Plus de 80 civils, dont des femmes et des enfants, ont été tués dans un raid aérien de l'armée sur un camp improvisé de déplacés dans le nord du Yémen, où d'intenses combats opposent depuis plus d'un mois la troupe à la rébellion chiite, ont raconté jeudi des témoins.

La rébellion des zaïdites chiites, en conflit avec le pouvoir depuis 2004, a dénoncé «un nouveau massacre commis par le pouvoir sanguinaire».

Une source officielle yéménite, interrogée par l'AFP, a refusé de confirmer le bilan se bornant à indiquer qu'un «avion a visé mercredi des rebelles qui ouvraient le feu alors qu'ils étaient mêlés aux civils».

Une source militaire, citée par le site du ministère de la Défense, a annoncé jeudi soir «la création d'une commission d'enquête pour s'assurer de la véracité des informations faisait état du bombardement de civils à Adi», dans la province d'Omrane, dans le sud de la région de Saada.

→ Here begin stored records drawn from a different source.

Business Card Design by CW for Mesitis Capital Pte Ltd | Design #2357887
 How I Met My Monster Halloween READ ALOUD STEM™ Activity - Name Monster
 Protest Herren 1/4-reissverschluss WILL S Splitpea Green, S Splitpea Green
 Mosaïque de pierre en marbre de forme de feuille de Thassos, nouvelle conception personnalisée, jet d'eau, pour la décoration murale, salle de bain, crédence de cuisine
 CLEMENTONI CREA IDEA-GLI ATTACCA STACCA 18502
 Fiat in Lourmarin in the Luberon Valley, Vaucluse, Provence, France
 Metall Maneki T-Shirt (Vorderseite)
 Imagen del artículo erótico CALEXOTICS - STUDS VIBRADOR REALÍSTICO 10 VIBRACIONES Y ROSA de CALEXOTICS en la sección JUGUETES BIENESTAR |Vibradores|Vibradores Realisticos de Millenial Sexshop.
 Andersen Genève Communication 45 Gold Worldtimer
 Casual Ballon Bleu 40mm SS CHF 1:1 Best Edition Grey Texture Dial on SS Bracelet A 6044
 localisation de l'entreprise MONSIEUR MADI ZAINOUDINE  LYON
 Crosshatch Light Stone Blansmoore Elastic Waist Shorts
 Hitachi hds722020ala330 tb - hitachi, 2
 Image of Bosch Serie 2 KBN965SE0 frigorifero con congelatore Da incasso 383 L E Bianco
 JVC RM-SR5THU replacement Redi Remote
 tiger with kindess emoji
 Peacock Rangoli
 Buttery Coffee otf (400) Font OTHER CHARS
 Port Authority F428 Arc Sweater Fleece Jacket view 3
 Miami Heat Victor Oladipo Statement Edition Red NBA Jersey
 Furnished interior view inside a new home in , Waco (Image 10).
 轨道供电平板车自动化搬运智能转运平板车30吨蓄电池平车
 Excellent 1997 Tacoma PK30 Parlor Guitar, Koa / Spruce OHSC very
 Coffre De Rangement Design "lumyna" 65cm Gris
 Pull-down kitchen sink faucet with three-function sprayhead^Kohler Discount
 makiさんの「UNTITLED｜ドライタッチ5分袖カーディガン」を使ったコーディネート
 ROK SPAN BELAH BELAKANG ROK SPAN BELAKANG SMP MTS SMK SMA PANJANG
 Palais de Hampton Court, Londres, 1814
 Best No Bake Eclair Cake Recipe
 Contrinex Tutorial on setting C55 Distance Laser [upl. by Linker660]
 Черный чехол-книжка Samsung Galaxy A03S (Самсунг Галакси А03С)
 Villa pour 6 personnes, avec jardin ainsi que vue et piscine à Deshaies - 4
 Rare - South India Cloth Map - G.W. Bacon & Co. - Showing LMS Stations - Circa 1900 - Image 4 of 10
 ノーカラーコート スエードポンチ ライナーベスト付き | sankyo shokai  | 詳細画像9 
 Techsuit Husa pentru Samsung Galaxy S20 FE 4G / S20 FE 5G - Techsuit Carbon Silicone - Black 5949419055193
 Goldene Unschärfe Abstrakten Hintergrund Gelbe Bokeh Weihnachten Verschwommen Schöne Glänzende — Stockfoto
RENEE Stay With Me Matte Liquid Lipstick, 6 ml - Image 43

Auparavant, une autre source militaire avait assuré qu'il n'y avait «pas de camp de réfugiés dans la région d'Adi» et que les forces armées avaient «veillé depuis le début du conflit à ne prendre pour cibles que les terroristes rebelles».

L'accès des médias à la zone des combats est interdit.

C'est la première fois qu'il est fait état de la mort d'un aussi important nombre de civils dans cette offensive qui a débuté le 11 août entre l'armée et les rebelles retranchés dans leur fief de la région de Saada, frontalière de l'Arabie saoudite et située à 240 km au nord de la capitale Sanaa.

Les victimes ont été enterrées jeudi dans une fosse commune près du lieu de l'attaque, ont indiqué des sources tribales qui étaient incapables de préciser le nombre des sépultures, certains des corps étant déchiquetés.

Selon plusieurs témoins interrogés par l'AFP, un avion de combat a visé des familles qui avaient fui les combats et s'étaient réfugiées dans une vallée à Adi.

«Plus de 80 civils, pour la plupart des femmes et des enfants, ont été tués», a déclaré à l'AFP un témoin joint au téléphone par l'AFP de Sanaa.

Un autre témoin a parlé «d'au moins 87 tués» dans le raid.

Ces pertes ont été dénoncées de Genève par le Haut commissariat de l'ONU pour les réfugiés (HCR) et le Comité international de la Croix-Rouge (CICR) qui ont exhorté les parties au conflit à garantir la sécurité de la population civile, conformément au droit international.

Dans un communiqué parvenu à l'AFP, la rébellion conduite par Abdel Malek al-Houthi a affirmé que «des avions de type MiG ont bombardé un rassemblement de déplacés situé à 25 km de Harf Sufyan (...) (faisant) des dizaines de victimes».

A la veille de cette attaque, les rebelles s'étaient déclarés «prêts à un cessez-le-feu inconditionnel» dans une lettre au secrétaire général de l'ONU Ban Ki-moon, tandis que le gouvernement de Sanaa exige qu'ils se plient à six conditions, dont leur désarmement, avant d'arrêter son offensive.

A New York, l'organisation de défense des droits de l'Homme Human Rights Watch, citant des témoins, a affirmé qu'au moins 87 personnes, en majorité des femmes, des enfants et des vieillards avaient été tués dans le raid.

Elle a appelé le gouvernement à «ouvrir rapidement une enquête pour déterminer la responsabilité» de cette attaque et appelé les protagonistes à s'abstenir de viser les civils.

Mardi, l'ONU et le CICR ont réclamé l'ouverture «au plus vite» d'un couloir humanitaire sécurisé ouvrant un accès à des milliers d'habitants de la région de Saada, pris au piège par les combats.

Selon l'ONU, quelque 150 000 personnes ont été déplacées dans le nord du Yémen depuis 2004, dont 55 000 depuis le 11 août.

Le pouvoir du président Ali Abdallah Salah accuse la rébellion d'être soutenue par «certaines parties en Iran», et de vouloir rétablir l'imamat zaïdite dans le pays, ce que les rebelles démentent.